Activity:
Print out the records precisely, keeping each line identical to its source.

──────── Source data ────────

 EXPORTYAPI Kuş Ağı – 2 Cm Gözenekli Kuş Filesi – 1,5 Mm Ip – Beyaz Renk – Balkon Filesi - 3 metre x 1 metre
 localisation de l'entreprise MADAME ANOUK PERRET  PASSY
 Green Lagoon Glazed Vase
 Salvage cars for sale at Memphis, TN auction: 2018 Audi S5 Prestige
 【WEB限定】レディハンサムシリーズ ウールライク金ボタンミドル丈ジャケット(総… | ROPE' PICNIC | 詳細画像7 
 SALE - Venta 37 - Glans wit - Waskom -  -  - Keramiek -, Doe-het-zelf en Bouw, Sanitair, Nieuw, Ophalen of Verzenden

────────

Response area:
 EXPORTYAPI Kuş Ağı – 2 Cm Gözenekli Kuş Filesi – 1,5 Mm Ip – Beyaz Renk – Balkon Filesi - 3 metre x 1 metre
 localisation de l'entreprise MADAME ANOUK PERRET  PASSY
 Green Lagoon Glazed Vase
 Salvage cars for sale at Memphis, TN auction: 2018 Audi S5 Prestige
 【WEB限定】レディハンサムシリーズ ウールライク金ボタンミドル丈ジャケット(総… | ROPE' PICNIC | 詳細画像7 
 SALE - Venta 37 - Glans wit - Waskom -  -  - Keramiek -, Doe-het-zelf en Bouw, Sanitair, Nieuw, Ophalen of Verzenden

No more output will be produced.